Better description of docstrings in the developer guide

videlec commented 9 years ago

The part of the developer guide that describes the docstring of classes and functions should be updated. For example a function with no input or output does not need an INPUT or OUTPUT block.

CC: @tscrim @jm58660

Component: documentation

Branch/Commit: u/jmantysalo/19041 @ d01d36d

Reviewer: Travis Scrimshaw

Issue created by migration from https://trac.sagemath.org/ticket/19041

videlec commented 9 years ago

Commit: 3ad4912

videlec commented 9 years ago

New commits:

`e3ef3a8`	`Trac 19041: about docstrings in the developer guide`
`3ad4912`	`Trac 19041: remove trailing whitespaces`

videlec commented 9 years ago

Branch: u/vdelecroix/19041

6bdad4c1-1e26-4f2f-a442-a01a2292c181 commented 9 years ago

comment:2

Looks good, but there is a typo in 'mentionned'.

What would you think of splitting it into 'INPUT' and 'OUTPUT' entries? Looks weird to have the two simultaneously when all others are listed block per block.

I can do it if you don't want to.

Nathann

6bdad4c1-1e26-4f2f-a442-a01a2292c181 commented 9 years ago

Reviewer: Nathann Cohen

f29946bc-ee7b-48cd-9abc-3445948c551d commented 9 years ago

comment:4

Replying to @nathanncohen:

What would you think of splitting it into 'INPUT' and 'OUTPUT' entries?

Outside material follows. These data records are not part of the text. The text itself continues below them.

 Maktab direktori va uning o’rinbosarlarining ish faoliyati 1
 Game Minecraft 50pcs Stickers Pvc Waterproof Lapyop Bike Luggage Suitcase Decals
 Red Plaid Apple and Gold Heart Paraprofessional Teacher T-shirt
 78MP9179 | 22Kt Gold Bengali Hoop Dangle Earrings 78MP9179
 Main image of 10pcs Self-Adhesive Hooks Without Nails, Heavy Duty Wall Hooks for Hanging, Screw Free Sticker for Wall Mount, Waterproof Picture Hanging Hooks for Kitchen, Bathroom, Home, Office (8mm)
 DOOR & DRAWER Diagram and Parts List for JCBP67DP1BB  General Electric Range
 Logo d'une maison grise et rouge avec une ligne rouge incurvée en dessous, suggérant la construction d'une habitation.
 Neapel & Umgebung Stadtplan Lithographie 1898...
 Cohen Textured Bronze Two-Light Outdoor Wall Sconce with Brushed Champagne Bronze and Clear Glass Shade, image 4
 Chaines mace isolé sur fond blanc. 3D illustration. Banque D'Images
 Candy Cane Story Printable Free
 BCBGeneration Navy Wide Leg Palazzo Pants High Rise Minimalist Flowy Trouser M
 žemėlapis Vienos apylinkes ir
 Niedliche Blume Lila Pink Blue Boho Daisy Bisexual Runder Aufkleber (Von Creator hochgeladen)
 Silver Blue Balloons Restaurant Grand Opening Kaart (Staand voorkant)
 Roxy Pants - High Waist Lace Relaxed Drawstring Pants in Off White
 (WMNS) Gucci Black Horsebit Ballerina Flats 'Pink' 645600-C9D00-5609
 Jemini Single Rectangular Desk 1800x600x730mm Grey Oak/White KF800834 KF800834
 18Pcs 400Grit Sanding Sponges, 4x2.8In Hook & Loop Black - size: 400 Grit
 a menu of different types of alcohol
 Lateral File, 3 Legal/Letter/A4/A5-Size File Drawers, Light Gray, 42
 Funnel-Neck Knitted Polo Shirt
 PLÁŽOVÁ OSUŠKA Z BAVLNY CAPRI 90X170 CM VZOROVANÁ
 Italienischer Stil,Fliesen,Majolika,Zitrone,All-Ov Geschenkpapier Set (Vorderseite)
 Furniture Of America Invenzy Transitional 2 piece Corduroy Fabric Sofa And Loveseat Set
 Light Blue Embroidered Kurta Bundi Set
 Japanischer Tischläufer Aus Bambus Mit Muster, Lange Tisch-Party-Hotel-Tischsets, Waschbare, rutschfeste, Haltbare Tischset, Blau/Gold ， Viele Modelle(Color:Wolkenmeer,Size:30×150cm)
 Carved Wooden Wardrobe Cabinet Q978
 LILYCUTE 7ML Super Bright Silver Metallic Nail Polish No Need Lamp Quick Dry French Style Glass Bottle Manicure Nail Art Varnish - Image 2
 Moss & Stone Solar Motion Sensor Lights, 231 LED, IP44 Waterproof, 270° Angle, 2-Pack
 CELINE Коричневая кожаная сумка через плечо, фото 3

+1 to this from me. But should we wait if others complain at sage-devel? Some might argue for example that in Python the function signature shows if there is no input at all, but output can not be seen directly from it.

And when we are at this, maybe take few days to think...? Maybe we should add for example a paragraph on assumptions? What about self - I have tried to remove them from docstring.

7ed8c4ca-6d56-4ae9-953a-41e42b4ed313 commented 9 years ago

Branch pushed to git repo; I updated commit sha1. New commits:

5165797 Trac 19041: reviewer comments 1

7ed8c4ca-6d56-4ae9-953a-41e42b4ed313 commented 9 years ago

Changed commit from 3ad4912 to 5165797

6bdad4c1-1e26-4f2f-a442-a01a2292c181 commented 9 years ago

comment:6

+1 to this from me. But should we wait if others complain at sage-devel? Some might argue for example that in Python the function signature shows if there is no input at all, but output can not be seen directly from it.

How would that be a problem with respect to what you wrote?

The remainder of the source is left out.